Your goal: Your output should be the lines below from the one with "Iron Man filmas žiurėti online" through the one with "Produktbild: Tr&auml;nen ohne Trauer", copied exactly, pictures excluded.

Data listing:
▬▬▬▬▬▬

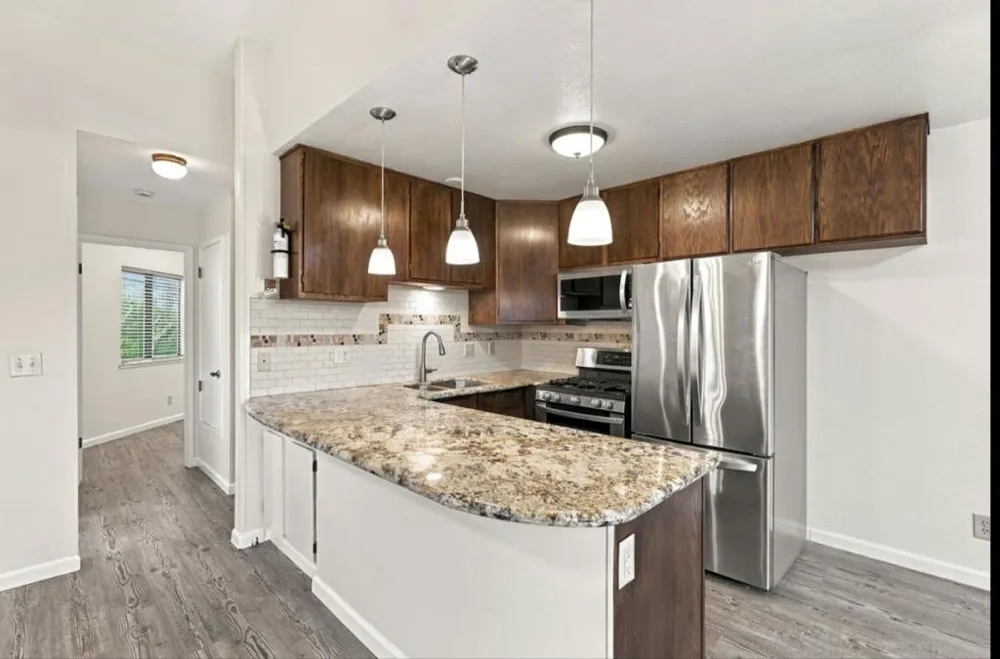 411 Estrella Avenue Monterey, CA 93940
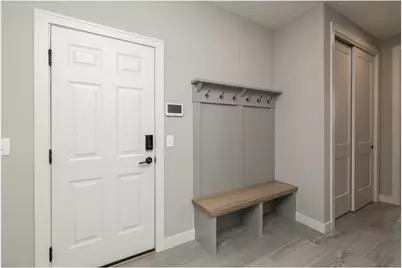 14714 146th Avenue, Dayton, MN 55327 - Photo 19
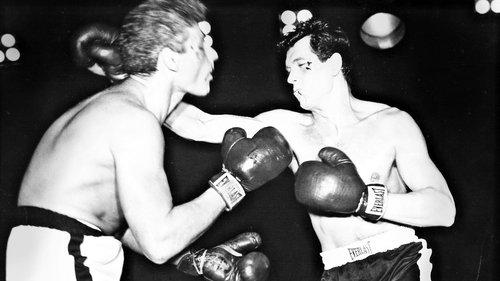 Iron Man filmas žiurėti online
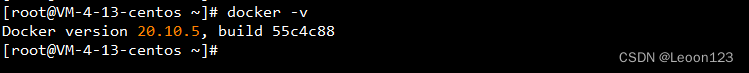 93fcc07a0abe4730a1e4f76bdbde96d3.png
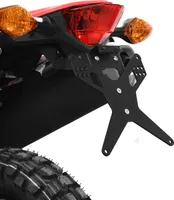 KZH X-Line | HONDA CRF300L 22-23
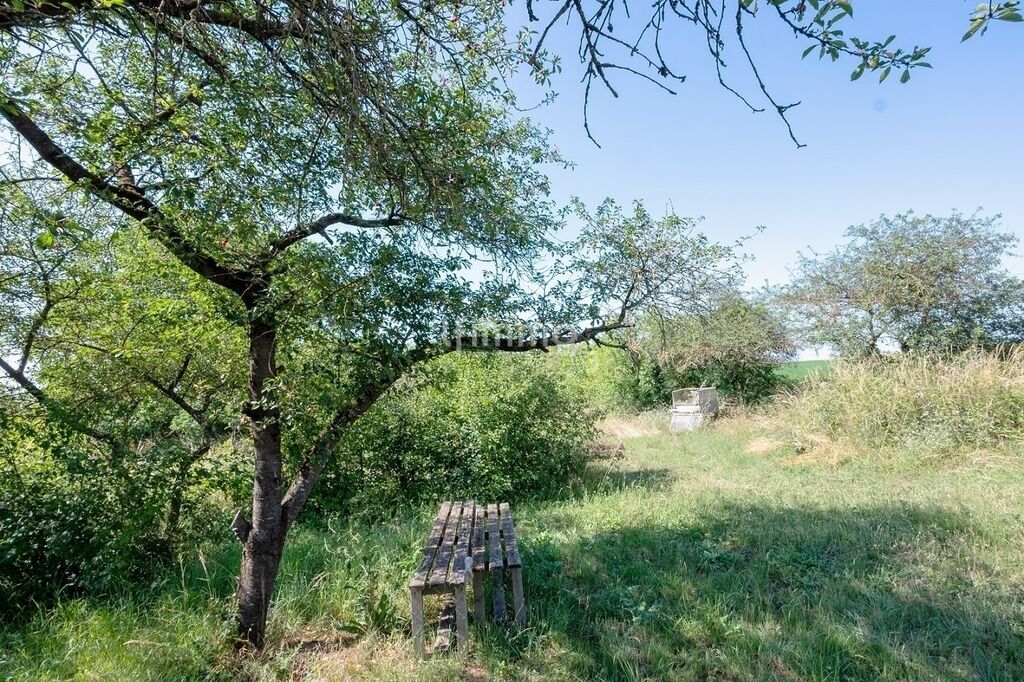 Photo 5 : Agréable terrain de loisir 2550 m², zone IAU3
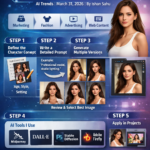 Home 23 ChatGPT Image Mar 31 2026 12 25 25 PM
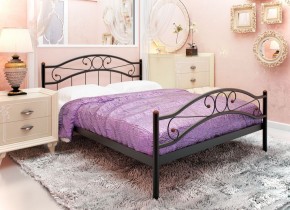 Кровать Надежда Plus 1200*1900 (МилСон) в Снежинске - snezhinsk.mebel24.online | фото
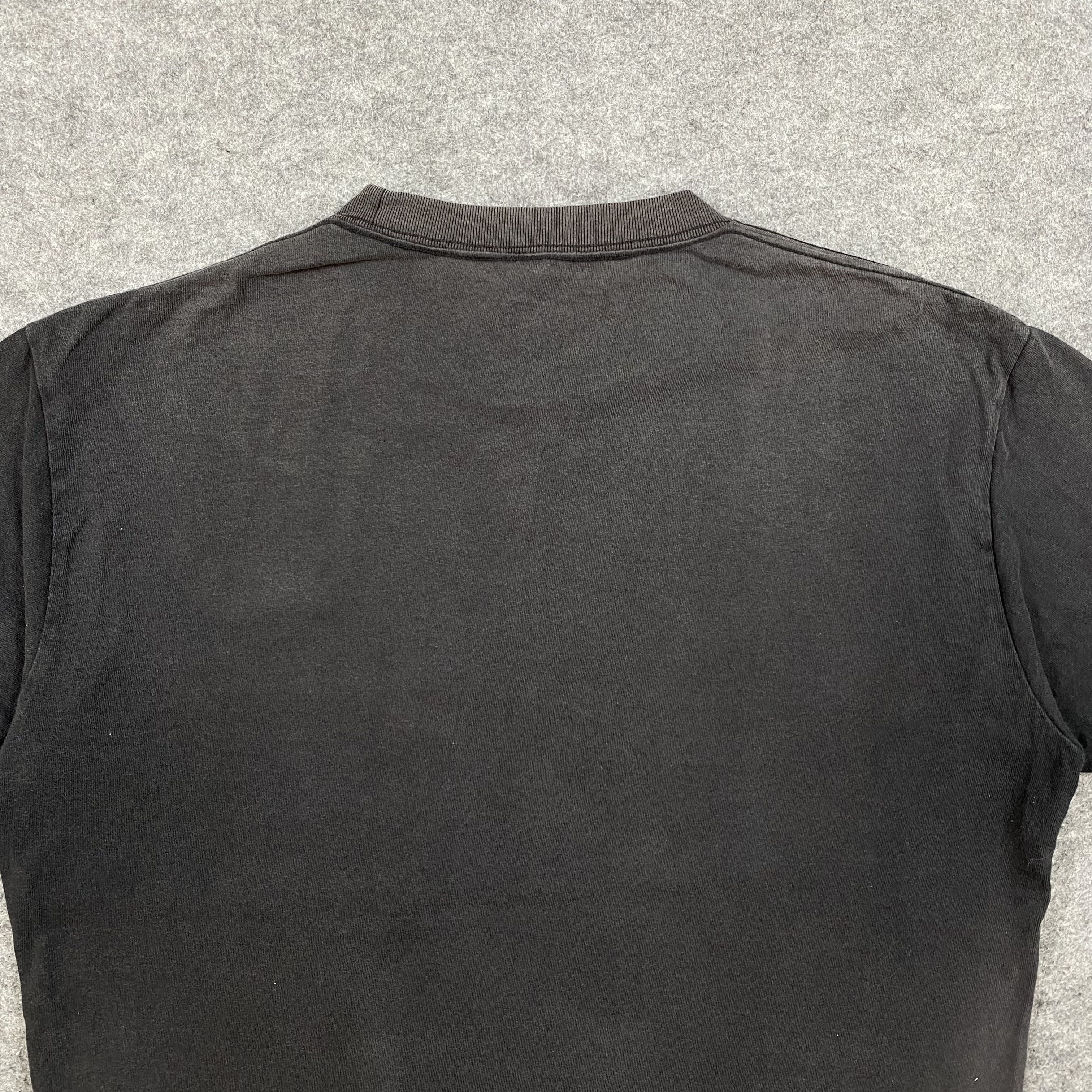 Undercover × Uniqlo undercover x uniqlo sun faded tshirt-N034 Size US L / EU 52-54 / 3 - 10 Thumbnail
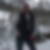 Profilbild von Thomas Kuppek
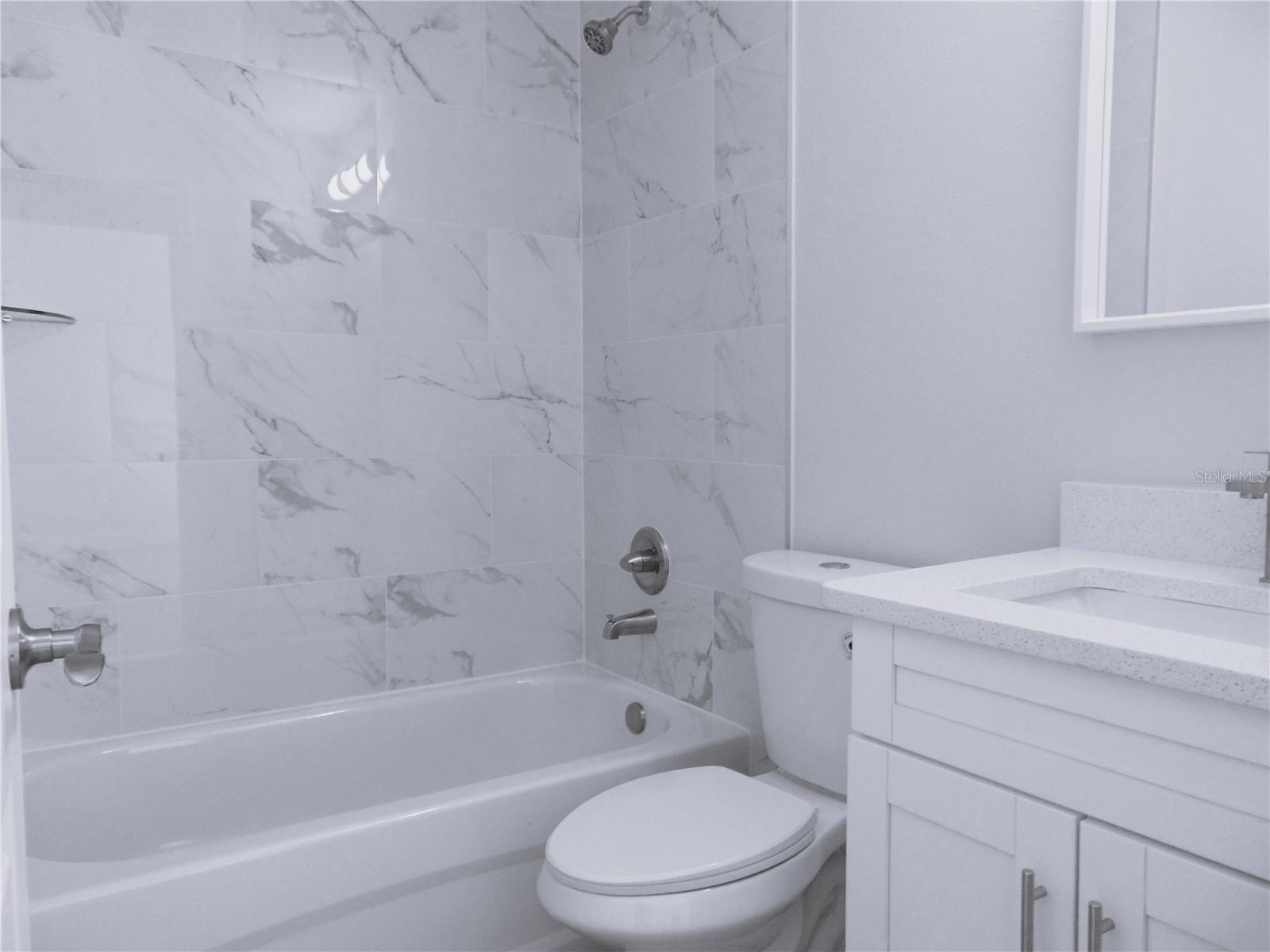 Image 10 of 13 For 13558 114th Lane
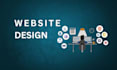 design a fully responsive painting plumbing construction website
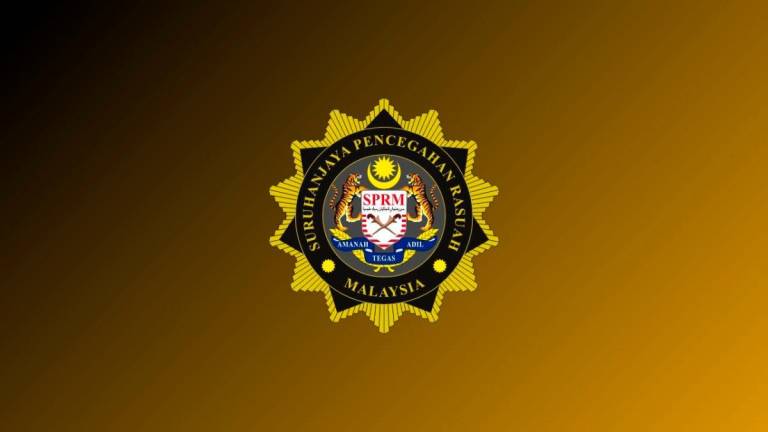 Image for visual purposes
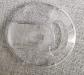 ACCESSOIRE SORBETIERE KRUPS COUVERCLE TRANSPARENT   FIGURE B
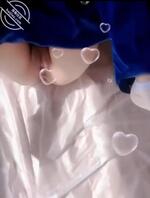 00后 学生妹骚逼 谁上都可以  请她吃个宵夜就 就做她一晚1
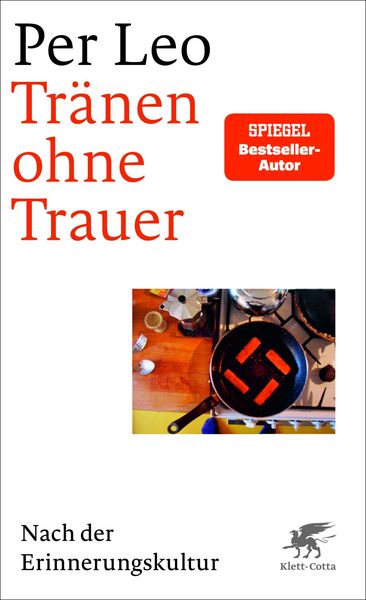 Produktbild: Tr&auml;nen ohne Trauer
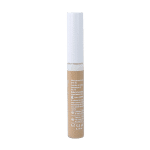 Lavera Radiant concealer medium sand 05 - Afbeelding 2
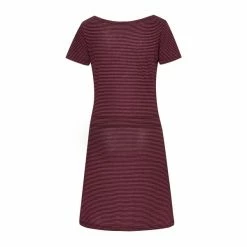 Beste Bewertungen von 🔔 FRILUFTS ZUBIRI 👗 DRESS Frauen - Kleid 👏 -Deutschland Frilufts Verkäufe 2024 5637696304 b zubiri dress frilufts 24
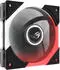 ASUS ROG Eurux GR120 Reverse schwarz 1-Pack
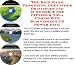The Rich Man's Promotion, Godfather Principles and eCommerce for Fitness & Yoga Videos Web Businesses 3 CD Power Pack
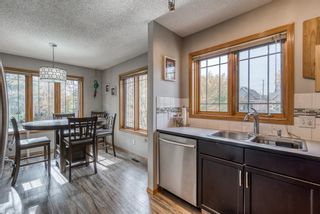 Photo 14: 192 Inglewood Cove SE in Calgary: Inglewood Row/Townhouse for sale : MLS®# A1039017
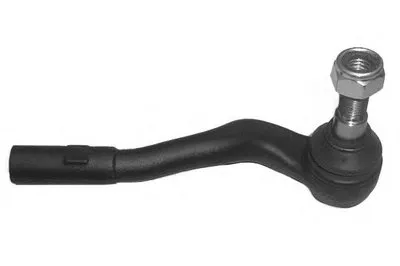 Наконечник поперечной рулевой тяги MOOG купить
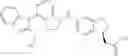 Fig. 64 - NOVEL FUSED CYCLIC COMPOUND AND USE THEREOF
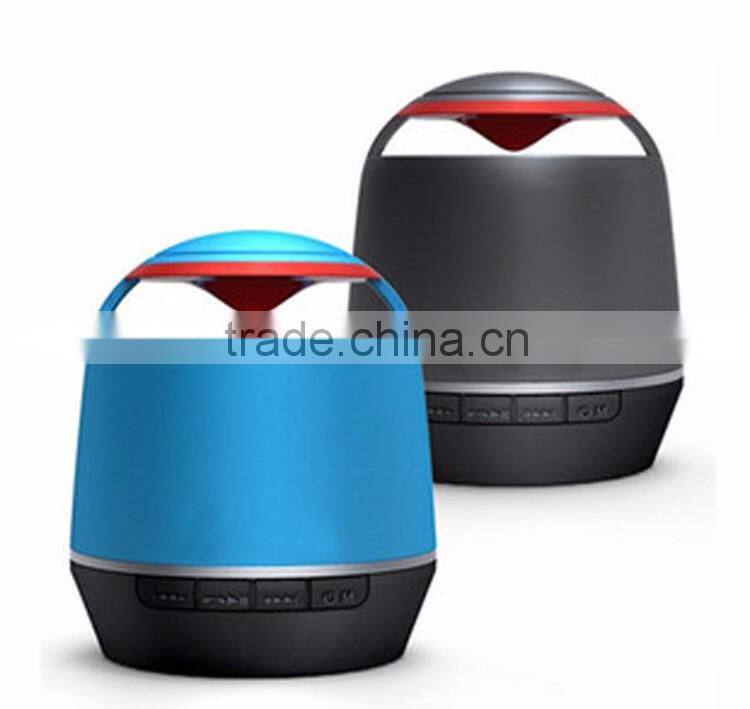 Factory cheap wireless outdoor soundbar speaker portable mini wireless bluetooth speakers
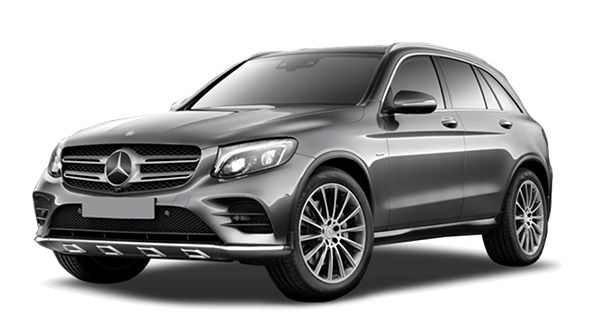 mercedes-benz-glc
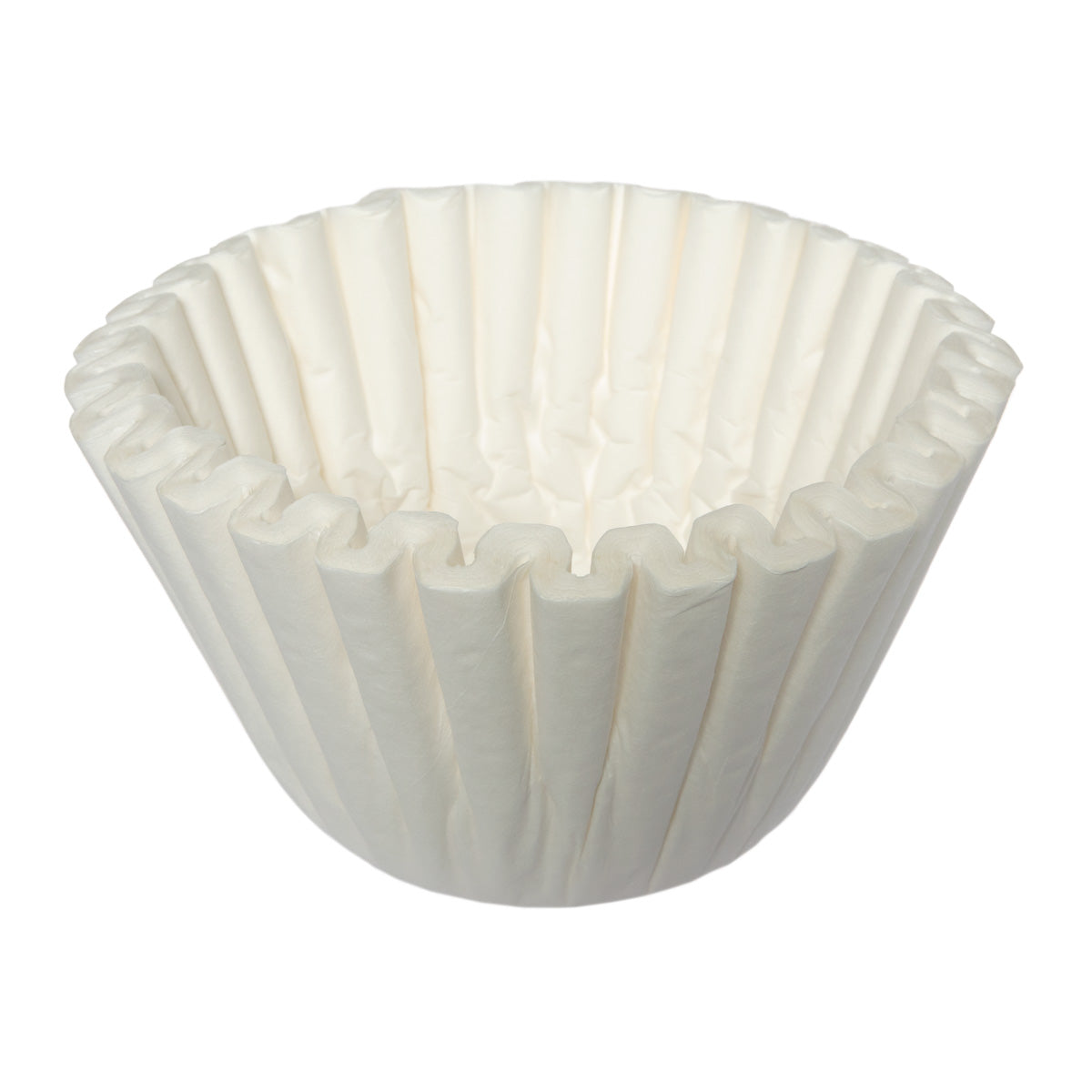 Coffee Filters 14x5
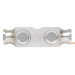 Celda de carga BH double ended shear beam.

▬▬▬▬▬▬

Written answer:
 Iron Man filmas žiurėti online
 93fcc07a0abe4730a1e4f76bdbde96d3.png
 KZH X-Line | HONDA CRF300L 22-23
 Photo 5 : Agréable terrain de loisir 2550 m², zone IAU3
 Home 23 ChatGPT Image Mar 31 2026 12 25 25 PM
 Кровать Надежда Plus 1200*1900 (МилСон) в Снежинске - snezhinsk.mebel24.online | фото
 Undercover × Uniqlo undercover x uniqlo sun faded tshirt-N034 Size US L / EU 52-54 / 3 - 10 Thumbnail
 Profilbild von Thomas Kuppek
 Image 10 of 13 For 13558 114th Lane
 design a fully responsive painting plumbing construction website
 Image for visual purposes
 ACCESSOIRE SORBETIERE KRUPS COUVERCLE TRANSPARENT   FIGURE B
 00后 学生妹骚逼 谁上都可以  请她吃个宵夜就 就做她一晚1
 Produktbild: Tr&auml;nen ohne Trauer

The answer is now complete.